I explain you, I'm working on a PoC (Proof of Concept) to configure an VPN IPSec tunnel between a Meraki MX65 in one site and Checkpoint 600 in a branch office and I'm having some lack of the knowledge in Security VPN topics.
Here's the thing, the Meraki MX65 has a link provided by an ISP and the IP address in the Internet 2 interface never changes (I configure it manually on that interface) and in the other hand, the the Checkpoint 600 it's behind and Internet Modem, the Phase 1 and Phase 2 of the tunnel it's ok, the NAT it's working ok and the PC's in the subnets announced in the VPN can communicate between them.
But, from the Meraki MX, in the VPN config, I'm pointing to the Internet Modem ip public address, this it's not the right thing to do 'cause this IP address can change anytime the ISP (Telmex) wants, even without notifying me obviously because that's not an dedicated link to the branch,
Reading some Meraki MX documentation, I realized that the MX's uses their hostname to make an easy automatic VPN between appliances with "non-provisioning or config required".

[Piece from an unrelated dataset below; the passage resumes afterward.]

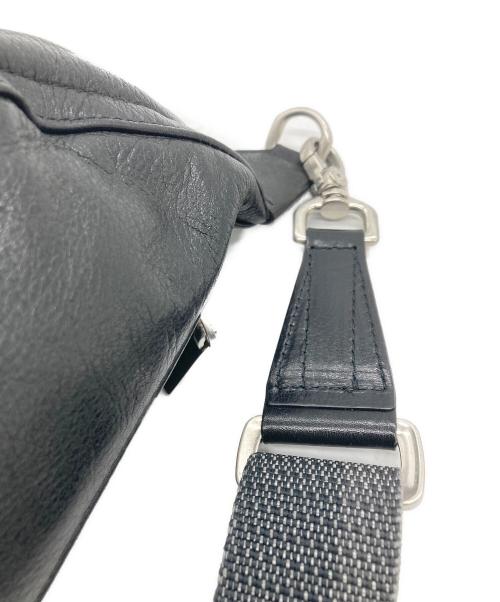 aniary（アニアリ）aniary (アニアリ) レザーウエストバッグ ブラックの古着・服飾アイテム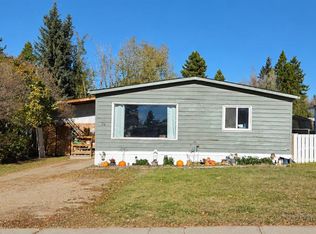 74 S North Star Dr, Sylvan Lake, AB T4S 1J4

my question is, is there a way to point i create a tunnel using a DDNS or a hostname to point to the Checkpoint 600 instead of using and IP address?
Or how can I can solve this, it'd be neccesary another MX appliance?
I share with all of you and network diagram of the PoC:
If you can help me, I'll really appreciate your help.
Both end needs a static ip as @PhilipDAth said or buy another MX device.
If the remote branch is not that big perhaps consider buying a Z3 if the budget does not allow an MX?